PD’s evolution was largely stunted in this piggy-backing on Nationalist votes: a host of prime movers have left since then, and now Godfrey Farrugia resigned as leader almost as fast as he was appointed PD leader, floundering in the European elections, apart from the party having never presented an ideologically coherent proposition. Are not the Farrugias’ resignations a clear statement that PD will not be making it to the House in the next election?

“Marlene had stated in more than one interview that she will stand for only two terms. She believes that fresh faces bringing fresh ideas and attitudes is necessary for a healthy democracy. She only contested a third legislature because of an unprecedented turn of events which demanded her participation. It was always the case that Marlene would pursue other interests which she had to sacrifice while she was bringing up her children as a single parent, setting up a business, practising her profession and contributing as a constant front liner in politics.

“As far as I am concerned, it is common knowledge among my closer circles that after surviving two cancers I would retire at 61, to live closer to nature and dedicate myself entirely to gardening and writing.”

Still, the Farrugias are leaving the PD midway through a race that, politically speaking, needs their steam in the House. Didn’t they owe this fledgling party the courtesy of staying on right before the next election? After all, they were elected in 2014 in good faith with no real political baggage dragging the party down… it almost seems they are abandoning ship when they are most needed.
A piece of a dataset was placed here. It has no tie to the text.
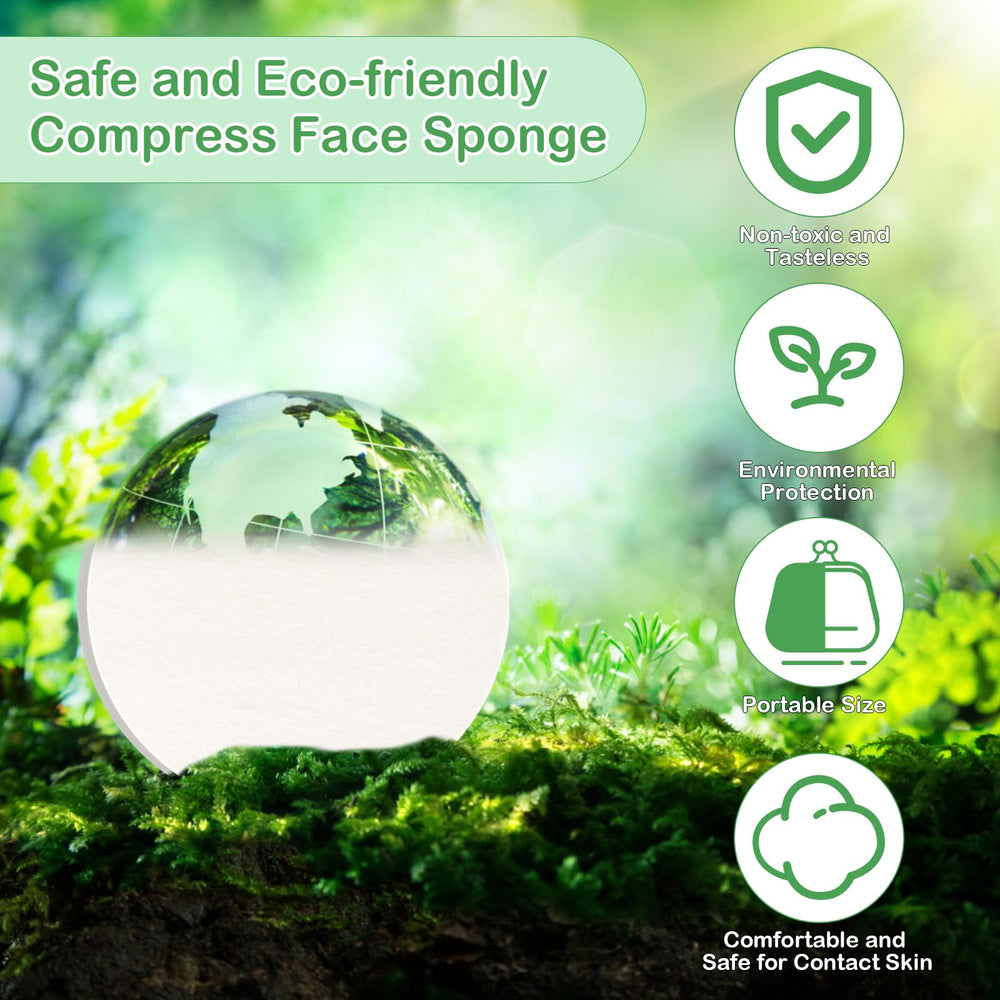 Luxiv round compressed facial sponge after absorption ready for gentle cleansing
“In politics time is of the essence. If Partit Demokratiku is to metamorphose and to construct and deconstruct itself, the political party which would create a real alternative for voters come next elections, needs to do that now and not on the eve of a general election.
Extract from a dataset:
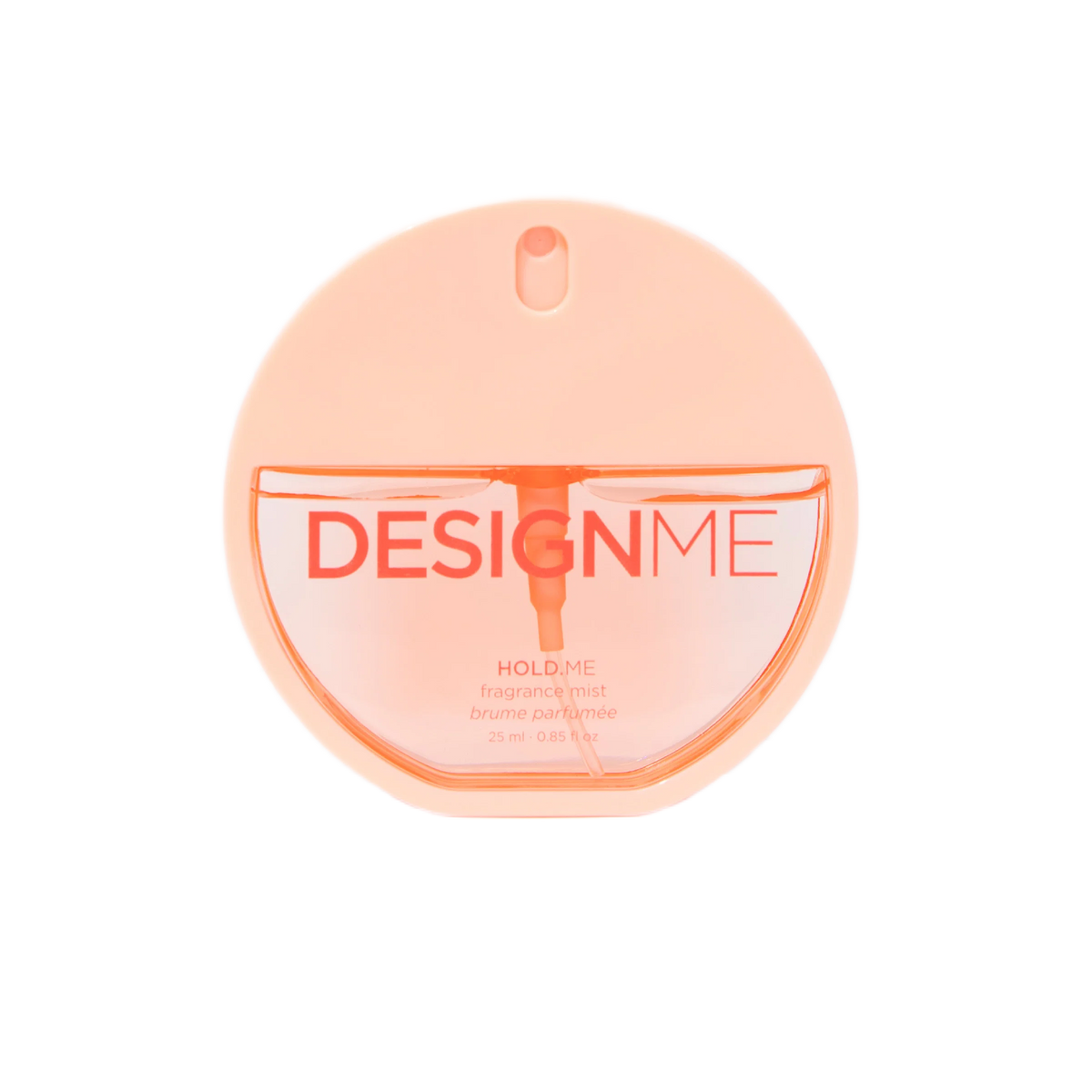 A round, translucent peach-colored perfume bottle labeled 'DESIGNME HOLD ME' on a solid white background.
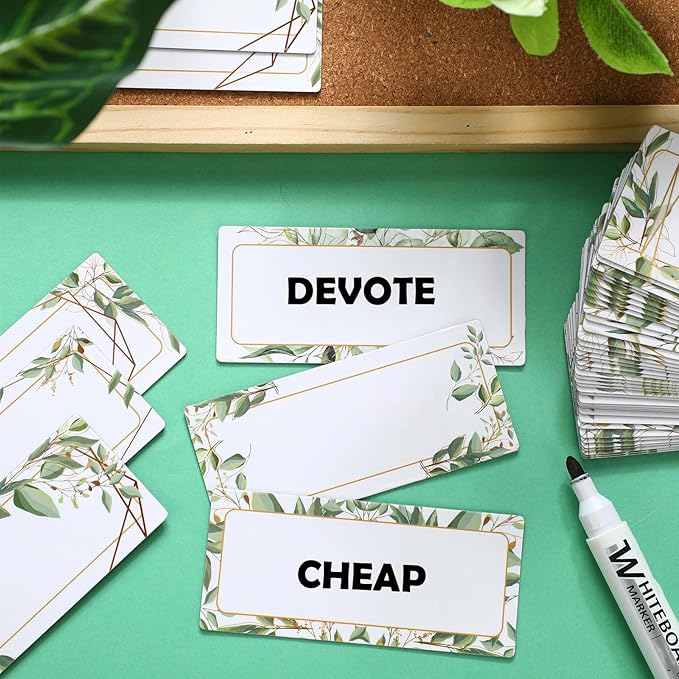 Kanayu 48 Pcs Eucalyptus Magnetic Dry Erase Labels Reusable Name Tag Plate Flexible Magnetic Label Sticker Blank Writable Card for Whiteboard Classroom Home Office Fridge (Classic,1.97 x 4.53 Inch)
“The MEP results confirmed that the necessary changes/ influx within PD could not happen under my leadership. Therefore, the rational thing to do was to bow out completely, to give PD a real chance of undergoing the necessary upheaval.”

The leadership role of Partit Demokratiku remains vacant, but Farrugia believes that the 2.03% of the vote garnered by PD in the 2019 MEP elections is a seed that has been sown to take the party to the next level. “With Labour mired in scandals and the Nationalist Party in chaos, the 2019 MEP election served as a timely testing ground for the progress, if any, that PD was making under my leadership,” he said, adding that though PD was a fledgling political party, the results were not encouraging.

Indeed, despite being an MP and party leader, Farrugia was unable to get more votes in the MEP elections than another – now former – candidate, the Swedish clean-up activist Camilla Appelgren. Did that affect his decision to resign? Farrugia’s reply is a terse acknowledgement.

“Appelgren’s vote confirms that the country is in dire need of a truly liberal party.”

And perhaps that liberal party was not the PD that seemed forged in the image of the Farrugias – pro-life, suspicious of the morning-after pill, and more likely to be closer to their parochial loves of festa fireworks and the hunting fraternities from their beloved districts of Zebbug and the Maltese south.

Godfrey Farrugia says he is not abandoning political life, even though just under two years later, his time at the PD is surely over.

“I will remain involved in a public capacity with the aim of seeing the Maltese community thrive. One does not need to be in a political party to call oneself a politician… Malta’s political atmosphere is a toxic one and one in which it is easily to become hooked on, losing the faculty to operate from a free space in the process. My advice to young, aspiring politicians is to dream big for their communities and country, and be prepared to work hard and selflessly to achieve those dreams. But do not lose yourself in that process.”